**What the task requires**
Look at each line below and tally those holding "комбинезона"; answer with that figure and nothing else.

───── Record set ─────

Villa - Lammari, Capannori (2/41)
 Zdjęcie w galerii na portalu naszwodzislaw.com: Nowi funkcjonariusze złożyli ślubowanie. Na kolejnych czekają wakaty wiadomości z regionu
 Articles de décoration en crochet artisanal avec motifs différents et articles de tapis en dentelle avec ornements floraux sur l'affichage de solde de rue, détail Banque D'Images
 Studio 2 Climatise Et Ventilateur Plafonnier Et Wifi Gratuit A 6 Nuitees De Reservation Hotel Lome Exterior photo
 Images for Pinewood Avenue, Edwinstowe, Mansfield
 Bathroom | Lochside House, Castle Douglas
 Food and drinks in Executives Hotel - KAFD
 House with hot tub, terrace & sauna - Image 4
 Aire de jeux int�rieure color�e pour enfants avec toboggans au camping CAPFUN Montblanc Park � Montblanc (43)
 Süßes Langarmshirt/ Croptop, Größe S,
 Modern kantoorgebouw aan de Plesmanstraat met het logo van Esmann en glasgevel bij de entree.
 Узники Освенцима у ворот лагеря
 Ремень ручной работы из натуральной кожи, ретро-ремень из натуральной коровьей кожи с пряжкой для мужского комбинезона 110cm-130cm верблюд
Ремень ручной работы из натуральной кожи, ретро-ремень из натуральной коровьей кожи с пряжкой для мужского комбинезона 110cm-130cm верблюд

─────

**Solution for this task**
2